Pertobatan adalah lebih dari hal pelepasan emosi secara psikologis, di dalamnya ada perasaan atau rasa penyesalan yang sebenarnya. Jika seseorang tidak benar-benar terluka oleh dosanya, tidak akan ada pertobatan. Pertobatan itu menyakitkan, tetapi itu adalah rasa sakit yang seharusnya. Itu menuntut kehancuran hati (Mazmur. 51:7; Yesaya 57:15) tetapi selalu dengan harapan untuk penyembuhan dan pemulihan dalam kasih Kristus dan karunia pengampunan-Nya. Jadi, pertobatan lebih dari sekadar perasaan. Emosi bisa cepat berlalu, sedangkan pertobatan sejati membuahkan hasil. Ini menunjukkan perbedaan antara “goncangan” dan “penyesalan”. Goncangan adalah penyesalan atas dosa yang dipicu oleh ketakutan akan diri sendiri: “Aduh! Saya tertangkap basah! Apa yang akan terjadi kepada diri saya?” Penyesalan, di sisi lain, adalah penyesalan atas pelanggaran terhadap kasih Allah dan rasa sakit karena telah mendukakan Roh Kudus. Dengan kata lain, adalah mungkin untuk “bertobat” karena takut akan hukuman atau pembalasan, bukan karena kebencian akan dosa.
Pertobatan alkitabiah juga harus dibedakan dari pertobatan duniawi atau daging.

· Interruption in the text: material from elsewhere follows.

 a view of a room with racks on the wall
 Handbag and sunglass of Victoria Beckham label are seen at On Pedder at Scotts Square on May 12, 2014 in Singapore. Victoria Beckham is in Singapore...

Karena dukacita menurut kehendak Allah menghasilkan pertobatan yang menuntun pada keselamatan, sedangkan penyesalan secara duniawi hanya menghasilkan kematian. Dalam pertobatan sejati harus ada penyangkalan terhadap semua dosa dan langkah-langkah praktis yang aktif diambil untuk menghindari apa pun yang dapat menimbulkan sedihnya Allah. Harus ada tekad yang disengaja untuk berbalik dan menjauh dari semua pengaruh dosa. Jika dalam apa yang disebut “pertobatan”, kita tidak meninggalkan lingkungan tempat dosa kita pertama kali muncul dan dari mana, kemungkinan besar, itu akan terus berkembang, pertobatan kita perlu dicurigai. Dalam pertobatan harus ada reformasi yang sepenuh hati, artinya, tekad yang kuat untuk mengejar kesucian, untuk melakukan apa yang menyenangkan Tuhan.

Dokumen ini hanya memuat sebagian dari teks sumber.